### Assignment
A line below contains "Yimobra Bathroom Rug", and a later one contains "Flip Remote Key". Repeat both, with every line between them, exactly.

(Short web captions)
=-=-=-=-=

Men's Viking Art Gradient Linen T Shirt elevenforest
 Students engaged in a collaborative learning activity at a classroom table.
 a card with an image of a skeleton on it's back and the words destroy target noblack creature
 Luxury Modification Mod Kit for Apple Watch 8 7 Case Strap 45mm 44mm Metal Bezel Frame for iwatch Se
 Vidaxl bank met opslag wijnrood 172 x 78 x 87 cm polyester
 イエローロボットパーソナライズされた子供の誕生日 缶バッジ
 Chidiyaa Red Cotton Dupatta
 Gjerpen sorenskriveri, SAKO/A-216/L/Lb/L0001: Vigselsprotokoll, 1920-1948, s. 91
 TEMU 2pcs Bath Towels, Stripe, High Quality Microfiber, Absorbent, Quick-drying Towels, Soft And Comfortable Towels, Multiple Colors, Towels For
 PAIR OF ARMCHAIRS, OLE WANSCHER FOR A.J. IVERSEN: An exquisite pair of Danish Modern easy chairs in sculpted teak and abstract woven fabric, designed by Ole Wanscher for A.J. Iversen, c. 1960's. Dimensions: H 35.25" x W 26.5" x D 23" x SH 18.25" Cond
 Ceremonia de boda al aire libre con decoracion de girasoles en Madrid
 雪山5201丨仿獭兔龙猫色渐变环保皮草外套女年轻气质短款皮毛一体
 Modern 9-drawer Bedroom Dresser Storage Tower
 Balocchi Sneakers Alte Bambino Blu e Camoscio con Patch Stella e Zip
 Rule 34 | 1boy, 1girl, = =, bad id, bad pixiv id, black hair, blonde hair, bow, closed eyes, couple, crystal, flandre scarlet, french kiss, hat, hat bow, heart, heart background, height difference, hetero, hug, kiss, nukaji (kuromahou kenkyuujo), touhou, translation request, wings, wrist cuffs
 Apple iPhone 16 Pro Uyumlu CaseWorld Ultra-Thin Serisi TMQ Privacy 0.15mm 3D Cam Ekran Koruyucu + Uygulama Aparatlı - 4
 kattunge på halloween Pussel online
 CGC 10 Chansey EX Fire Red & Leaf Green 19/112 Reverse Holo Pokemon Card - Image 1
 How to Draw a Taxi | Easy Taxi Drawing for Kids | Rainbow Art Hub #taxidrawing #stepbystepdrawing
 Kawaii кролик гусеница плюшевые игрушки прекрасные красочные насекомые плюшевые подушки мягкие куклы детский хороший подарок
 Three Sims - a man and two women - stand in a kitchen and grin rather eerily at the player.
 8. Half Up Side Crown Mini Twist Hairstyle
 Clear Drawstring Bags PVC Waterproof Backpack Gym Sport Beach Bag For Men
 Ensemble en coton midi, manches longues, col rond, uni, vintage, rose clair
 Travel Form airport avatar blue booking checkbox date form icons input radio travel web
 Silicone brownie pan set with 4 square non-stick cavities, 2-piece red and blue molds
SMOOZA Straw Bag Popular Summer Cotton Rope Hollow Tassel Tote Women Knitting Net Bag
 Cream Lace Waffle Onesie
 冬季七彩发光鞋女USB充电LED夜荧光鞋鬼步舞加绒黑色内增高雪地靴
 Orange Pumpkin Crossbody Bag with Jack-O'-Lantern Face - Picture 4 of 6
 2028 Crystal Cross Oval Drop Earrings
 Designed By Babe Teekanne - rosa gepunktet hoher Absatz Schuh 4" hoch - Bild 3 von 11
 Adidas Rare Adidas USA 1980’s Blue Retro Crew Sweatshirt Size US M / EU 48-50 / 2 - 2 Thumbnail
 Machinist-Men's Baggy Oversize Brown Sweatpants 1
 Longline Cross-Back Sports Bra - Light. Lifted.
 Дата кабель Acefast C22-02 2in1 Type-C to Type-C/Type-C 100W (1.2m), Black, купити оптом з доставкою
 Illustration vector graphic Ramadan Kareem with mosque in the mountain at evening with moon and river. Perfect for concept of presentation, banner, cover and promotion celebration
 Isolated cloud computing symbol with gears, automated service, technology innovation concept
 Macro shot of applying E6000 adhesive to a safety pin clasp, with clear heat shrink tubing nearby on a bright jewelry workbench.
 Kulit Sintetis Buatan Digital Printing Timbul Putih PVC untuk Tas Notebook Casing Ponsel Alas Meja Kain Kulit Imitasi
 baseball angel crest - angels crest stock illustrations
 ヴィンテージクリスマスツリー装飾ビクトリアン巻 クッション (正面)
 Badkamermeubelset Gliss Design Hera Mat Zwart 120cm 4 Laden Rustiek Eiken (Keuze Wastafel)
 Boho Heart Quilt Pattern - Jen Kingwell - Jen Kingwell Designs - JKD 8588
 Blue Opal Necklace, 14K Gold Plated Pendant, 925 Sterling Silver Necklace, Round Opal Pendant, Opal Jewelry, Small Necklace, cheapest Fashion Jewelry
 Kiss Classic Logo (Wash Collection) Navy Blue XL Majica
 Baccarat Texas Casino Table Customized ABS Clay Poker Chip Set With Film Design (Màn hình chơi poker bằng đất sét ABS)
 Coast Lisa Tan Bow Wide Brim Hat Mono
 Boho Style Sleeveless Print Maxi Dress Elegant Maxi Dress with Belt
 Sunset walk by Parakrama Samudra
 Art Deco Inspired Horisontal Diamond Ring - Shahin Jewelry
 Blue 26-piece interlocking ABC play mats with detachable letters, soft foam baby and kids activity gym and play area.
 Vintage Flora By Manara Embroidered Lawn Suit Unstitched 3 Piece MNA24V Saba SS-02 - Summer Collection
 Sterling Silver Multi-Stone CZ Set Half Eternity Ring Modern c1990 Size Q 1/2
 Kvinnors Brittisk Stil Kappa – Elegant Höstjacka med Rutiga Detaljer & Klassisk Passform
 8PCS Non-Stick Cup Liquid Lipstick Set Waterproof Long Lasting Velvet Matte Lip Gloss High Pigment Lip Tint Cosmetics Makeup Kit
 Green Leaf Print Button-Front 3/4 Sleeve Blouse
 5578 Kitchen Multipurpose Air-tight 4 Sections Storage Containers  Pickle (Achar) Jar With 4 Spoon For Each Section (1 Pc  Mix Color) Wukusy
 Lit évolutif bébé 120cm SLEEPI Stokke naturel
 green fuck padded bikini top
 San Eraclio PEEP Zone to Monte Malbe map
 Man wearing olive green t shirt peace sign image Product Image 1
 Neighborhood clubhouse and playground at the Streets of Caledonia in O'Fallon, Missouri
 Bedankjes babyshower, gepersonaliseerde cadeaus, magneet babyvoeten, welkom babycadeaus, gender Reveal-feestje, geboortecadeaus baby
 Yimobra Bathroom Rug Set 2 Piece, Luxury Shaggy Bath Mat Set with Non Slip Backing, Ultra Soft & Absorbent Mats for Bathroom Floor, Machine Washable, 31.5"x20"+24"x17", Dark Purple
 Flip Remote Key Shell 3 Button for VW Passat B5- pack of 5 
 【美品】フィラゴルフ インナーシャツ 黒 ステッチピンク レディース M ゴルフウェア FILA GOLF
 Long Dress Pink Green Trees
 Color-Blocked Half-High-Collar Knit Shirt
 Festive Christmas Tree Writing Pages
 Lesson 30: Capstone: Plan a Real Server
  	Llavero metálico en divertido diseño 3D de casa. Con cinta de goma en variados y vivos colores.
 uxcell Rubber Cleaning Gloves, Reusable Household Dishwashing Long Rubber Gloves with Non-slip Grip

=-=-=-=-=

### Your response
 Yimobra Bathroom Rug Set 2 Piece, Luxury Shaggy Bath Mat Set with Non Slip Backing, Ultra Soft & Absorbent Mats for Bathroom Floor, Machine Washable, 31.5"x20"+24"x17", Dark Purple
 Flip Remote Key Shell 3 Button for VW Passat B5- pack of 5 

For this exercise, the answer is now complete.